The Design of Diskprices.com

I was browsing the interwebs and came across this beauty: https://diskprices.com/

Diskprices.com
Diskprices.com

There is a distinct absence of a header, branding, anything that takes away screen real-estate. The design of Diskprices.com orients towards what the user came to the website to do - to look at the list of available hard drives and compare their prices. It's in the domain name!

Furthermore, the performance of this website is stellar. It loads almost instantly. And the list (although it's not sortable) gets the job done, it is sorted by price already which is the most important attribute.

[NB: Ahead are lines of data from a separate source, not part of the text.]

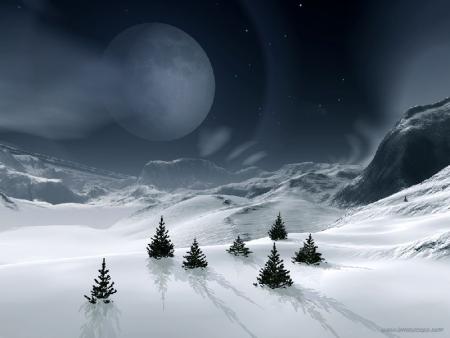paysage de neige
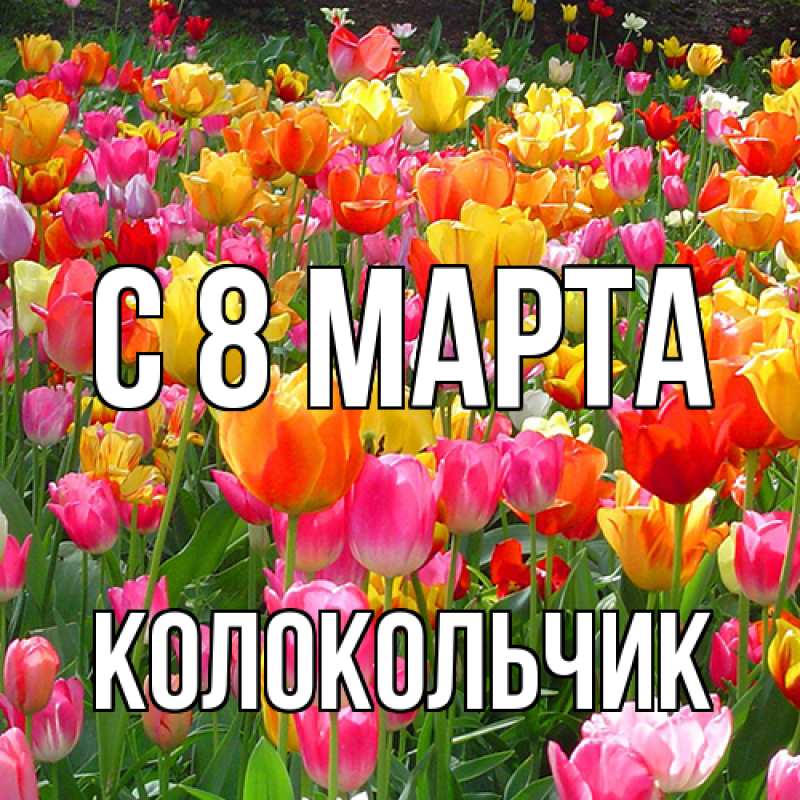 Картинка C 8 МАРТА, Колокольчик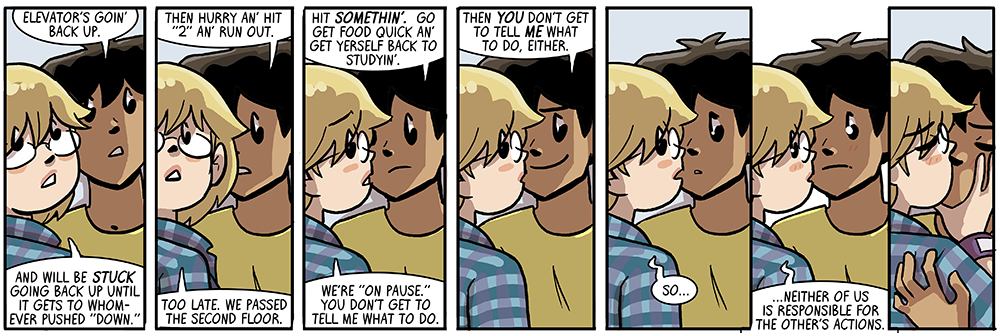 it's just an overwhelmingly romantic elevator, we swear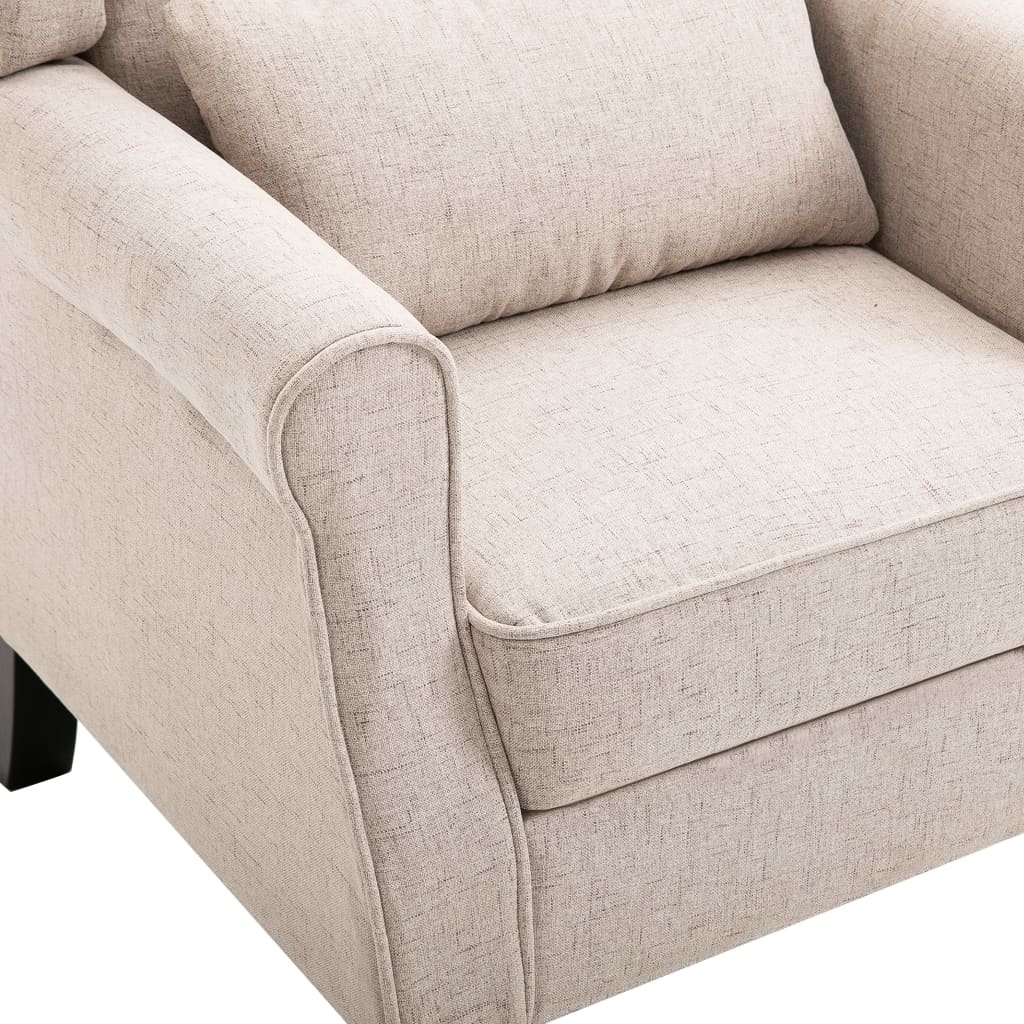 Fauteuil Roza - beige - met kussen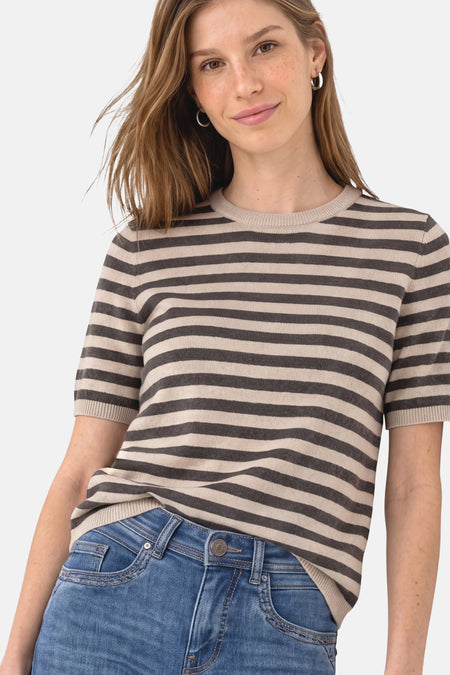 Pull col rond multicolore - STREET ONE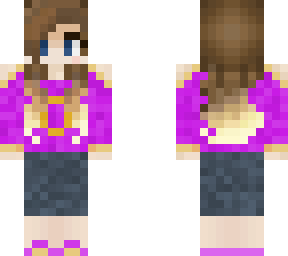 girl w/ highlights in a magenta sweater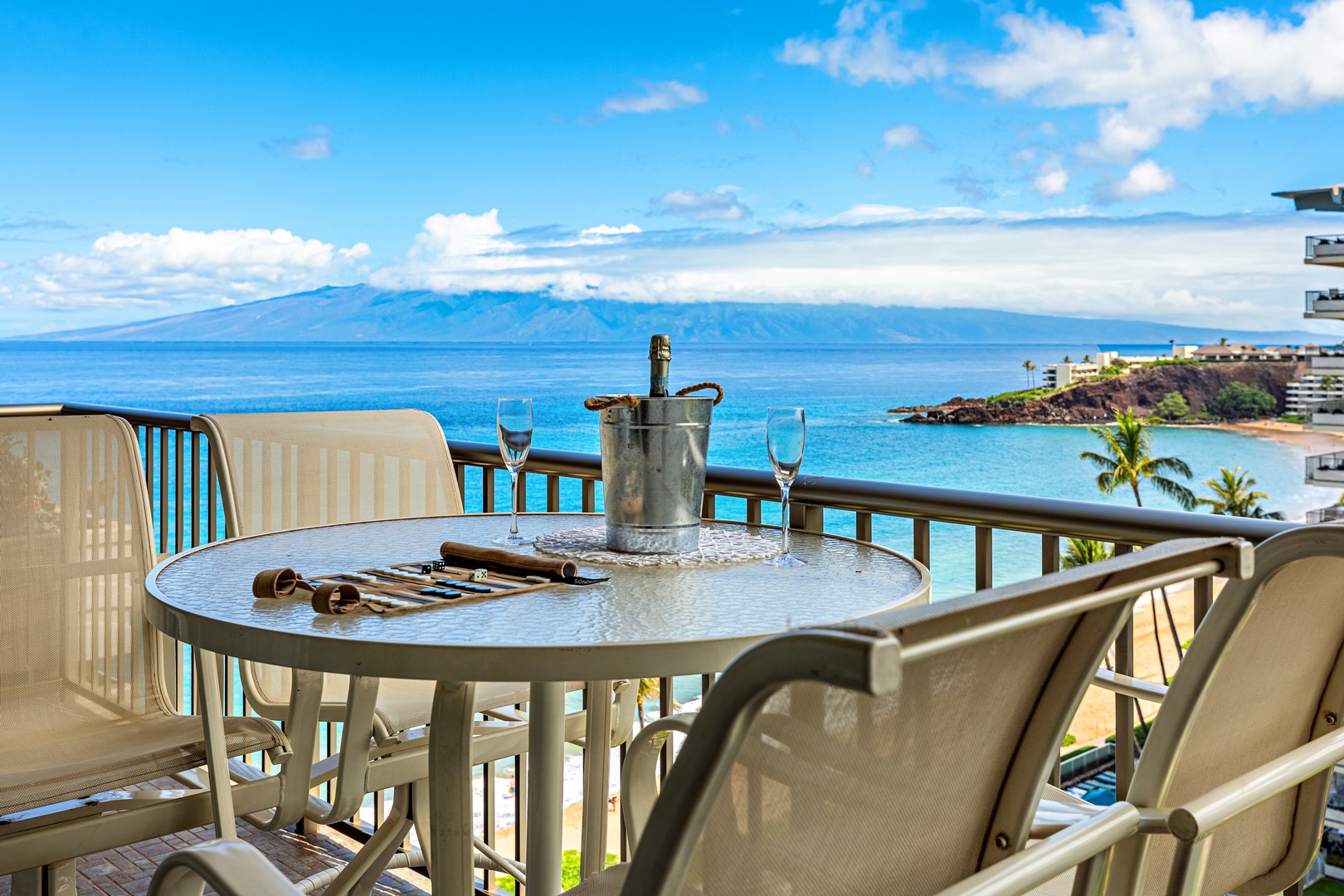 Sip champagne on your private balcony while soaking in breathtaking ocean views and watching the waves dance below.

Diskprices.com deserves the UI/UX award of the decade. We've lost our ability to design user interfaces laser-focused on the user. Instead, we have purple gradients, scroll jacking, responsive bullshit, emojis, animations, and many other things designers do today. The utilitarian approach of Diskprices.com is refreshing, although the contemporary designers cast it off as 'brutalist design', thereby marking it as a statement of fashion.

The creators of Diskprices.com didn't just do this by chance, it is a deliberate attempt as stated in the FAQ:

Diskprices.com FAQ
Diskprices.com FAQ

Quoting:

Do you need a graphic designer?
No. This site is designed to maximize information density, accessibility, and performance. More whitespace, colors, and icons won't help.

If the design of the object, service, or product is to enable the user, why is it shameful to keep it undecorated?

Folks at Diskprices.com, if you're reading this, beer is on me if we ever meet.